Show answer read-thread-count (default 0): threads reading FUSE kernel messages. With process-thread-count=-1, creates one combined thread per CPU core (max 8).

process-thread-count (default -1): threads processing messages. -1 disables separate pool (processing on read threads). 0 creates one per CPU core.

process-thread-queue-depth (default 2): max queued requests per process thread.

For high concurrency (10+ streams): set both to 0 for separate read and process pools.

4. What is the correct order for drive replacement with SnapRAID + mergerfs?

Show answer 1. Remove failed branch from pool: setfattr -n user.mergerfs.srcmounts -v '-/mnt/diskN' /storage/.mergerfs
2. Physically replace drive
3. Format replacement: mkfs.ext4 -m 0 -T largefile4 /dev/sdX1
4. Mount replacement at same path
5. Restore data: snapraid fix -d dN
6. Re-add to pool: setfattr ...srcmounts -v '+>/mnt/diskN' ...
7. THEN sync: snapraid sync

CRITICAL: Never sync before fix. Syncing after loss recalculates parity without the missing data, destroying recovery ability.

5. What does cache.writeback do and when should you enable it?

Show answer When cache.files is enabled and cache.writeback=true, the kernel aggregates small writes into larger FUSE requests before sending them to mergerfs. This can dramatically improve throughput for apps that write many small chunks.

Without writeback, each write goes through FUSE individually (writethrough). With writeback, the kernel buffers writes and flushes them in larger batches.

Enable for: database workloads, build systems, apps with many small sequential writes.
Avoid for: media streaming (use cache.files=off instead).

6. What are the link-exdev modes and when does abs-base-symlink differ from abs-pool-symlink?

Show answer link-exdev handles EXDEV errors on hard link operations:
- **passthrough** (default): returns EXDEV to caller
- **rel-symlink**: relative symlink from new to old location
- **abs-base-symlink**: absolute symlink using the underlying branch path (/mnt/disk1/...)
- **abs-pool-symlink**: absolute symlink using the pool mount path (/storage/...)

abs-base-symlink bypasses mergerfs for the link target. abs-pool-symlink goes through mergerfs, which means search policies apply when following the link.

7. Why should you disable security_capability when using cache.files?

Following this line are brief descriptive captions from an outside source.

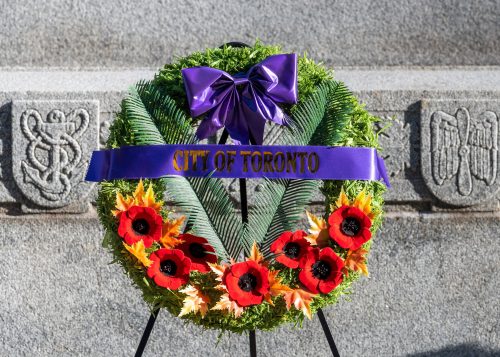 Wreath with a City of Toronto banner in front of a stone cenotaph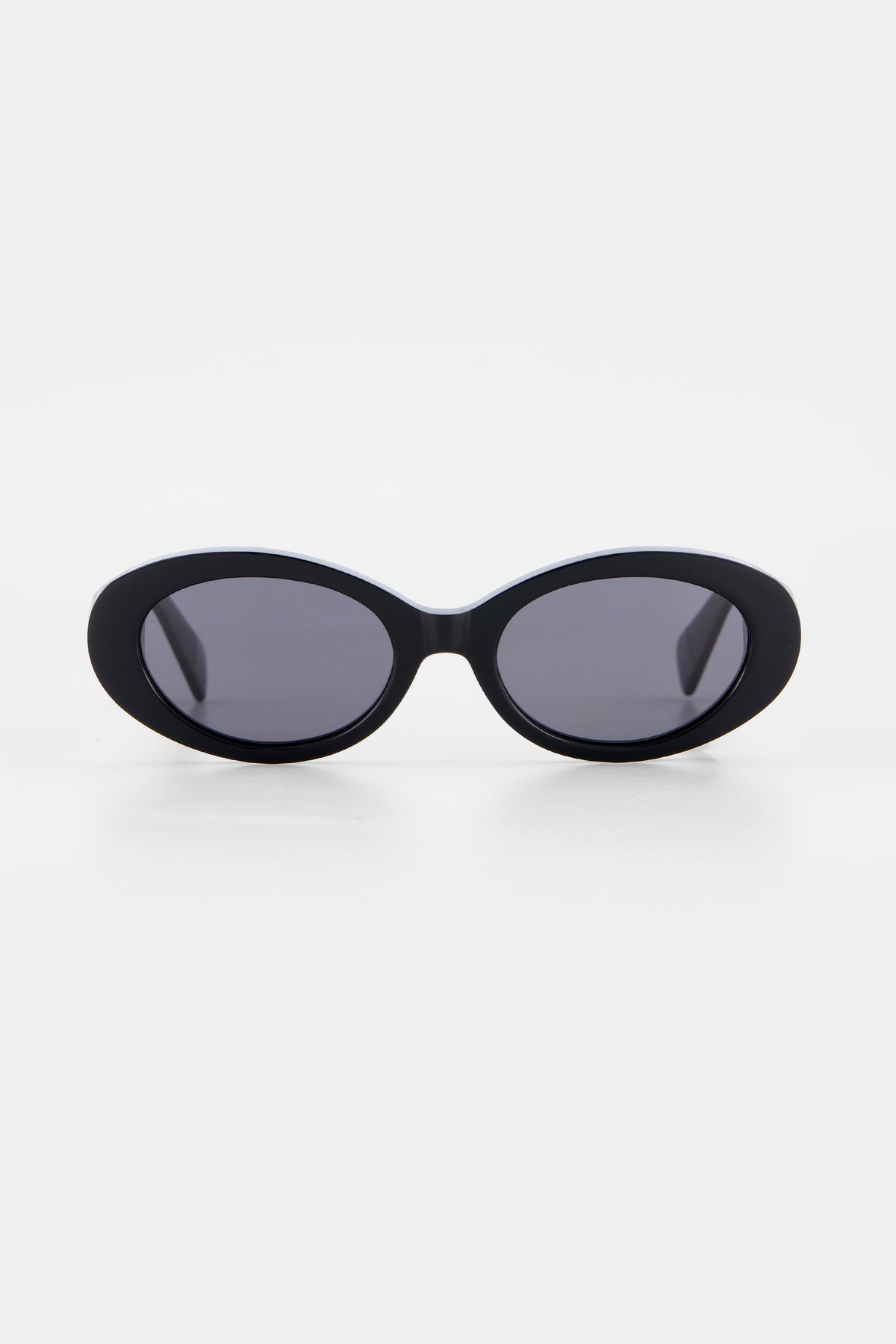 Isle of Eden Frankie black sunglasses, front view showing curvy oval frame and dark lenses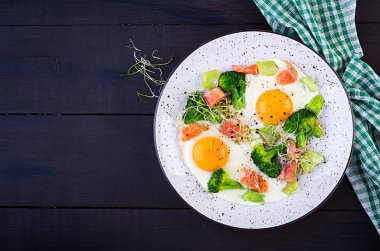 Ketogenik / paleo diyeti. Kızarmış yumurta, somon, brokoli ve mikroyeşil. Keto kahvaltısı. Brunch olsun. Üst görünüm, genel görünüm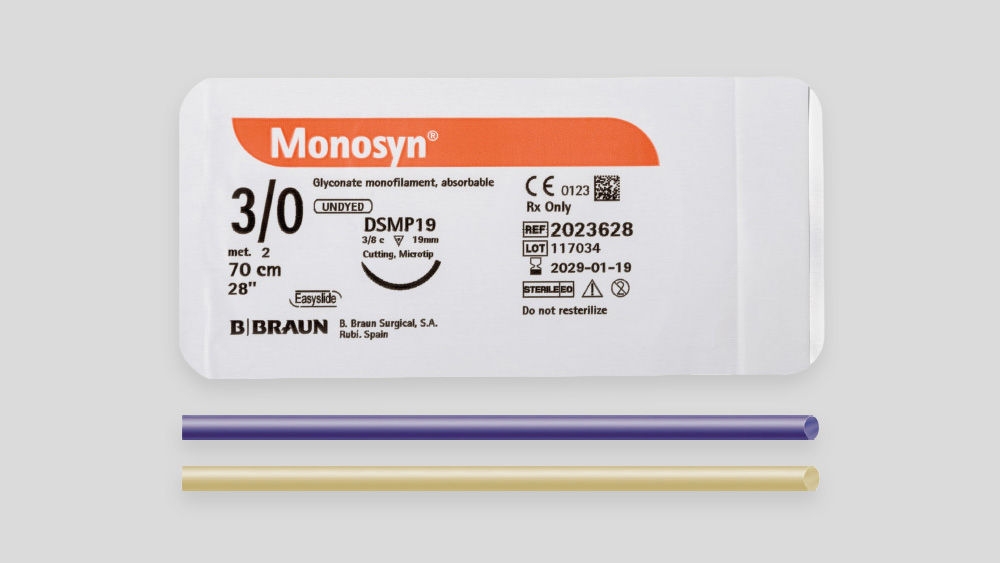 Monosyn® absorbable suture packaging with product label displaying thread size (USP 3/0), needle information, length, CE marking, and B. Braun branding, shown together with the suture thread below the package.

Show answer With cache.files enabled and security_capability=true (default), the kernel sends a getxattr for security.capability before EVERY SINGLE WRITE. This xattr check is not cached, so it adds a FUSE round trip per write.

Disabling with security_capability=false returns ENOATTR immediately without the round trip. This can significantly improve write performance when file caching is enabled.

Only relevant when cache.files is not off. If cache.files=off, this has no effect.